PSA is a glycoprotein whose role is most probably the degradation of the clot seed. It is present in the blood of all adult men in very low concentrations. It is produced by normal and abnormal prostate cells. Since it is being produced only by the prostate – it has at least one characteristic of an ideal tumor marker: tissue specificity.Elevated levels of PSA can be found in the blood of men with benign prostate diseases such as inflammation of the prostate (prostatitis) and benign prostatic hyperplasia (prostate enlargement in older people) and prostate cancer.Although PSA cannot differentiate benign from malignant condition, its increased value indicates the need for the inspection and additional tests to rule out or confirm the presence of cancer.

Measuring the levels of PSA is useful for monitoring the success of prostate cancer treatment and controlling the return of disease after the treatment. During the control a single value may show a medium to high values which does not necessarily indicate a tumor regrowth. It is important to follow the trend, or whether there is an increase in PSA when measured for a long time. One measure itself does not give us much information. Level of PSA corresponds to the stage and volume of cancer.

Scientists research PSA to enable the early detection of cancer in apparently healthy men and increase the reliability of tests to help distinguish benign from malignant condition.
The main purpose of determining the value of tumor markers is to monitor disease progression and response to therapeutic treatment. International Association ISOBM (International Society Of Oncodevelopmental Biology and Medicine) has established criteria for the interpretation of the findings of tumor markers: increased concentration for about 25% corresponds to progression (progression) disease and decrease of the marker concentration for more than 50% means a partial recovery (remission).

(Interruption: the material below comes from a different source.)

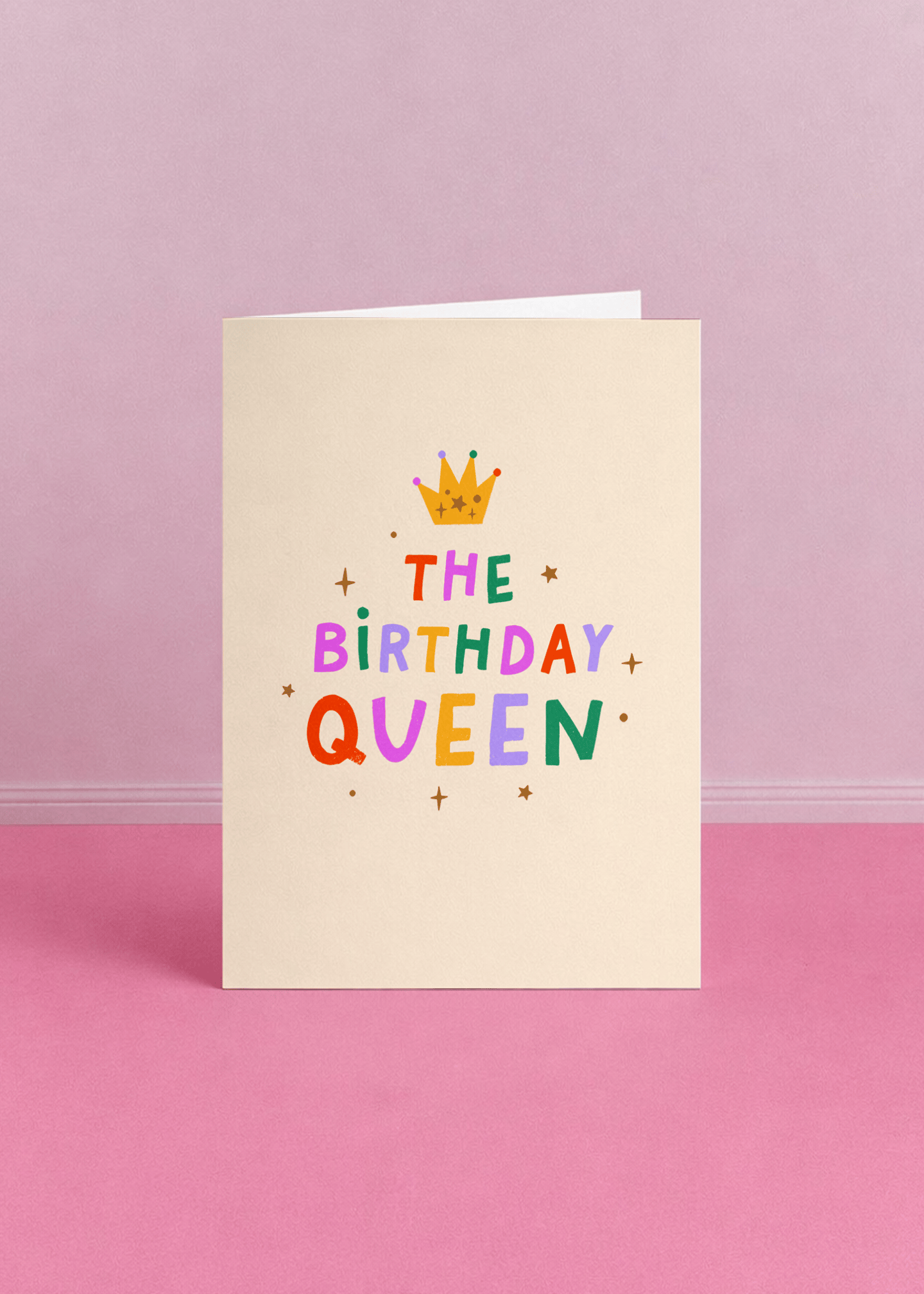 The Birthday Queen mockup 5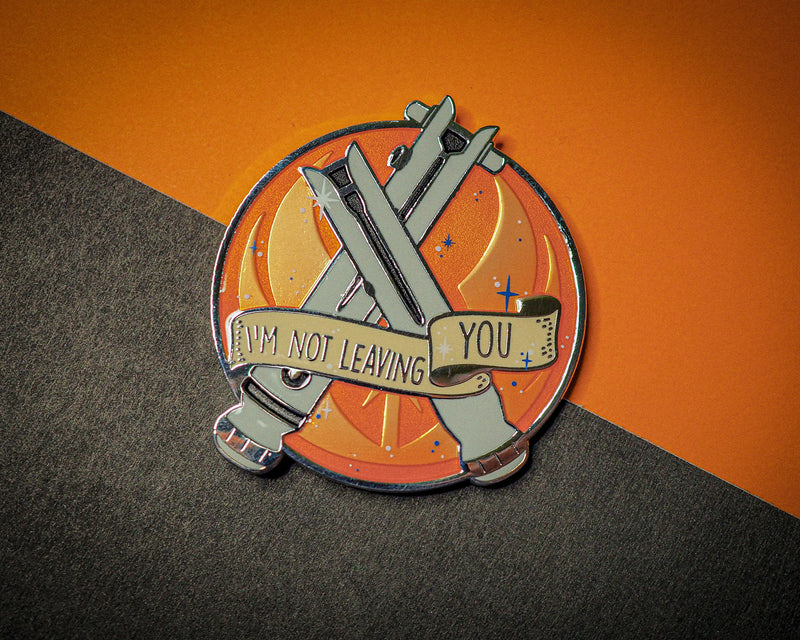 Student Battle Saber - Pin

Tumor markers do not have specificity for the organ (other than PSA for prostate and thyroglobulin in thyroid gland), which is why they are not used to determine the localization of the tumor. Not every tumor will cause increased concentration of tumor markers in the blood. Therefore, it is clear that the tumor markers cannot be used as an isolated indicator in the diagnosis of malignant diseases.

It is the fact that increased concentration of markers in the blood, urine and cerebrospinal fluid may be referred to the existence of a malignant disease. Knowing the factors affecting the laboratory analysis of tumor markers (method of blood collection, laboratory methods of proof, taking certain medications, smoking, etc.) is important for the interpretation of the findings and the obtained values. If you take into account the fact that the laboratory values differ from person to person and from laboratory to laboratory, it is clear that a definitive diagnosis can only be set using (histopathologic) tissue analysis. However, new medical findings and the discovery of tumor markers, give great hope in the possible early cancer detection

If it could be used as a "screening-method", together with other diagnostic procedures, in particular with ultrasonic analysis, CT, and with the help of MRI, certain tumors can be detected at an earlier stage with a greater chance of cure.